Follow these instructions to assemble the Mirobot control board.
When you unwrap the package you should see a pink bag with the components in it, a white PCB and the black battery box.
Take these out and put the rest of the package to one side for now.
To assemble the PCB you will need:
- A soldering iron
- Solder (60/40 tin/lead solder is the easiest to use. Lead free is harder)
It is highly recommended to watch this soldering tutorial before starting if you're not used to soldering. Soldering isn't too difficult, but it's worth taking the time to make sure it's done well so it is more likely to work first time.
Here are all of the parts that are in the pink bag. At the bottom of the picture are the parts for assembling the chassis so put these back in the bag for now.
Solder the WiFi socket in place.
Solder both of the chip sockets in to place. Take care to put the notch in the smaller one in line with the outline on the PCB. The larger one should have the notch on the top otherwise you won't be able to solder a later step.
Solder the stepper sockets in place. You need to make sure that the side with two notches in it is at the edge of the board - check the photo. They should clip satisfyingly into place.
Solder the three servo connector pins. This should be inserted with the small end of the pins going through the PCB from the top down.
Solder in the power switch.
Step six (optional)
Solder in the expansion pins. If you're not planning on using any expansion kits you don't need to do this, though it won't harm to put them in anyway and it's good practice soldering!
Now we need to solder the pins on to the Arduino board we are using. The best way of doing this is to push both rows of pins into the Arduino socket as shown in this photo.
You can then put the Arduino onto these pins and solder them in. Doing it this way makes sure they are well aligned and will fit in and out nice and easily.

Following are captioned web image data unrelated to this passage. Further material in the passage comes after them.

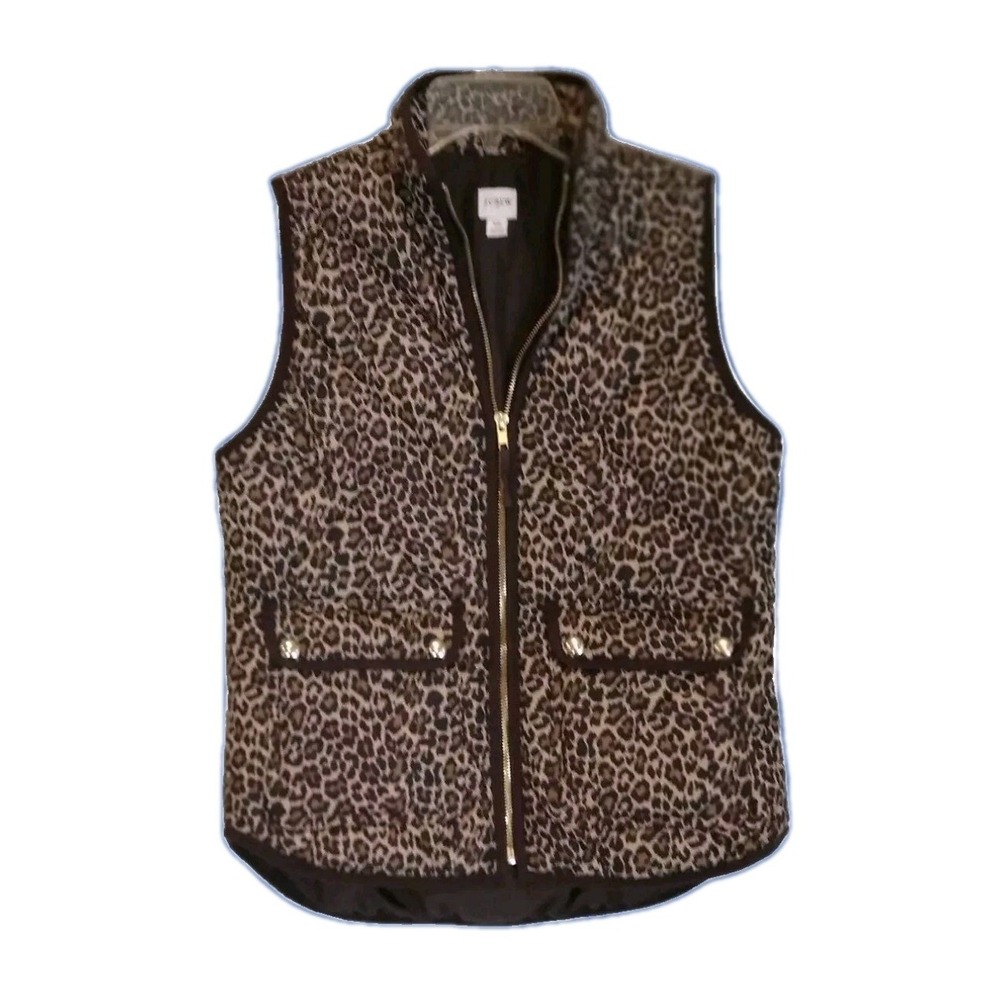 J.Crew Leopard Print Excursion Quilted Puffer Vest Brown XS Animal Print Zip Up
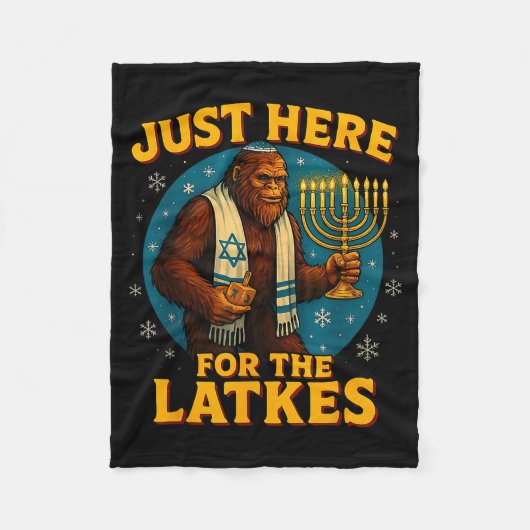Couverture Polaire Just Here For The Latkes Funny Hanukkah Bigfoot  (Devant)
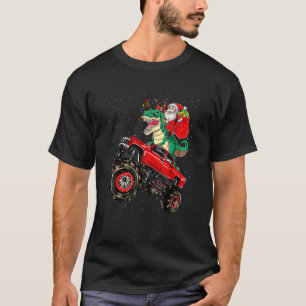 Santa Riding Dinosaurier Trex Monster Truck Boys K T-Shirt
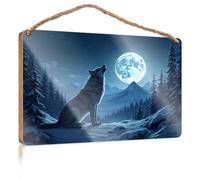 Hanging Decor Sign Wolf Howling At The Full Moon in A Snowy Landscape Patio Decorations Outdoor Gifts for Husbands(20X30CM)
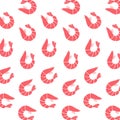 Shrimp seamless pattern isolated on white background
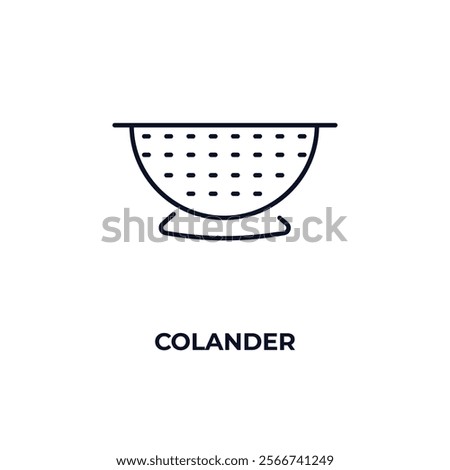 colander outline icon. Linear vector from kitchen concept. Thin line colander icon isolated on white background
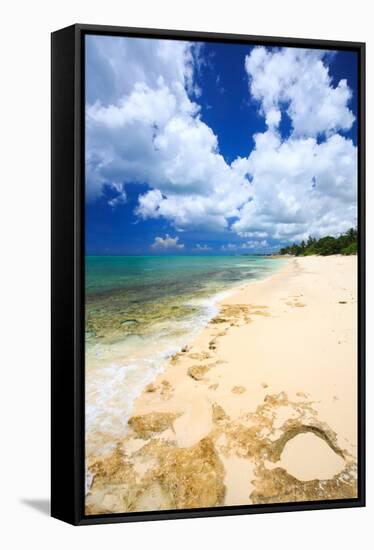 Bahamas White Sand Beach And Coral Reef-Erik Kruthoff-Framed Stretched Canvas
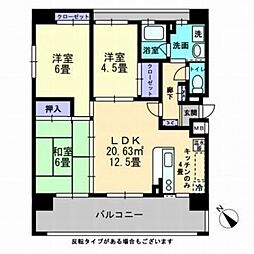 ボヌール新倉敷 3LDKの間取図画像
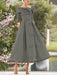 Elegant A-Line Princess Dresses with Cowl Neck and Bows 3/4 Sleeves Tea Length for Mothers of the Bride & Groom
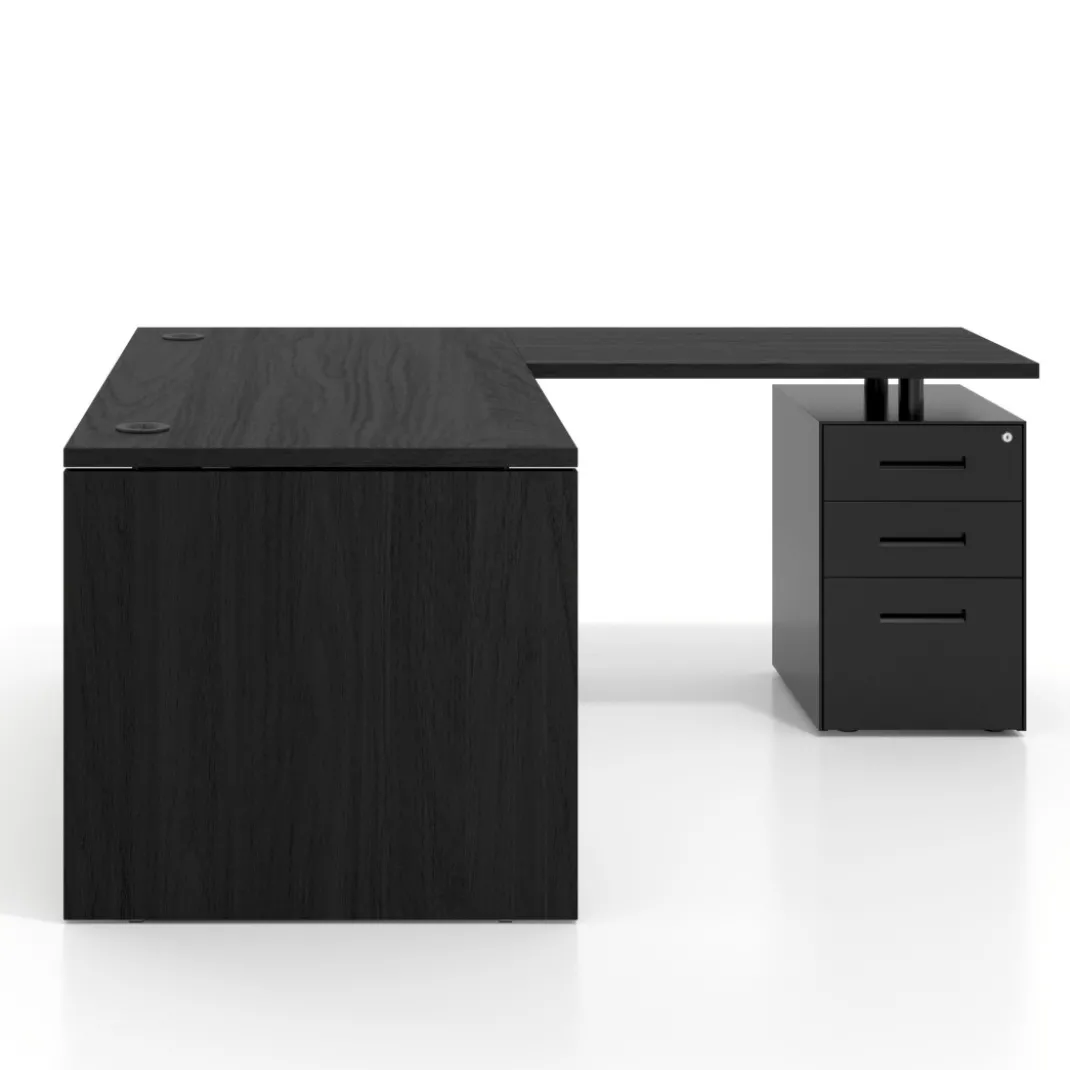 Mesa de Oficina con cajones Work Plus fondo 80, frontales de metal estructura bocamina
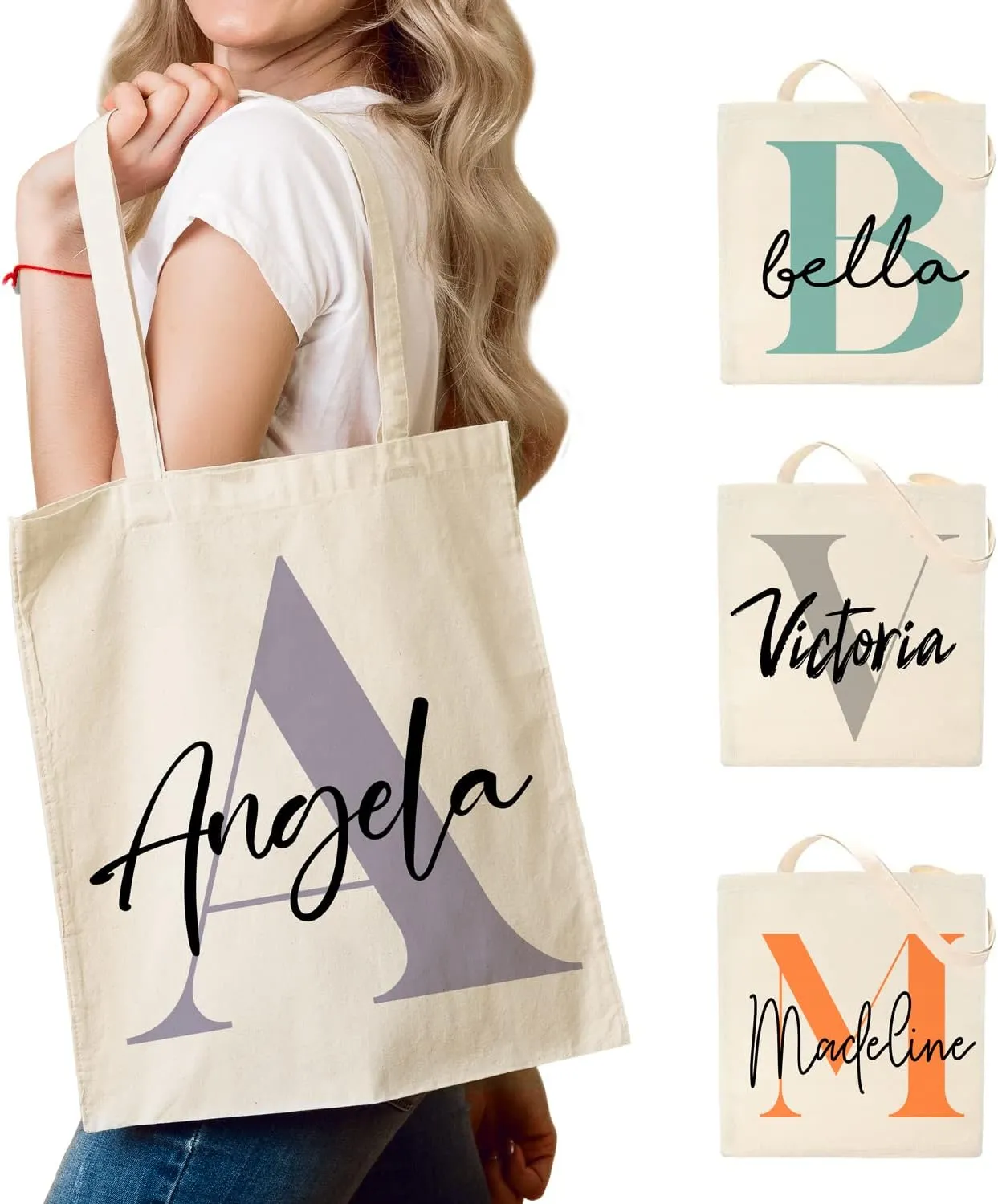 Easycosy Personalized Tote Bag Canvas Tote Bag with Picture Text Customized Reusable Grocery Bag Floral Gifts Bag for Women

The pins are quite small but take your time and it shouldn't be too tricky.
Step eight (optional)
If you think you might want to reprogram the Arduino at some point in the future, you can solder on the programming pins as shown in the photo. You don't need these on in order to use Mirobot though.
First, inspect your soldering. There should be no messy bits of solder bridging from the pins to other parts of the PCB. If there are, use the soldering iron to remove them. We're going to test the board before soldering the battery pack on because once it's in place it would need removing if there are any errors:
- Move the switch to the Off position.
- Put the Arduino and the WiFi module in to their sockets
- Put 4 AA batteries into the battery pack.
- Put the battery pack pins into the two remaining holes on the board, like in this photo
- Push gently on the bottom of the battery pack so it makes contact with the holes
- Move the switch to the On position.
- There should be two LEDs lit up on the Arduino. One should stay solid (the power LED) and one should flash for a few seconds before turning solid as well.
If the LEDs don't turn on then turn it off straight away because there's most likely a short circuit. Take a careful look at the back of your board to double check for any bits of solder that might be bridging between pins.
Don't solder the battery pack on until you have successfully done this step!
It's time to attach the battery holder. First, peel off the cover over the sticky pad on the battery holder. Then push the pins on the holder through the PCB from behind like in this picture. Once you've pushed it on so it sticks then you should carefuly solder it making sure you don't melt the Arduino socket.
Put the batteries in the holder and turn the switch on again to make sure the LEDs still come on and flash correctly. If the LED starts flashing then the board is OK and you should plug in the servo, making sure the colours on the cable match with the words on the board. This will align the servo to the up position, ready for building the chassis.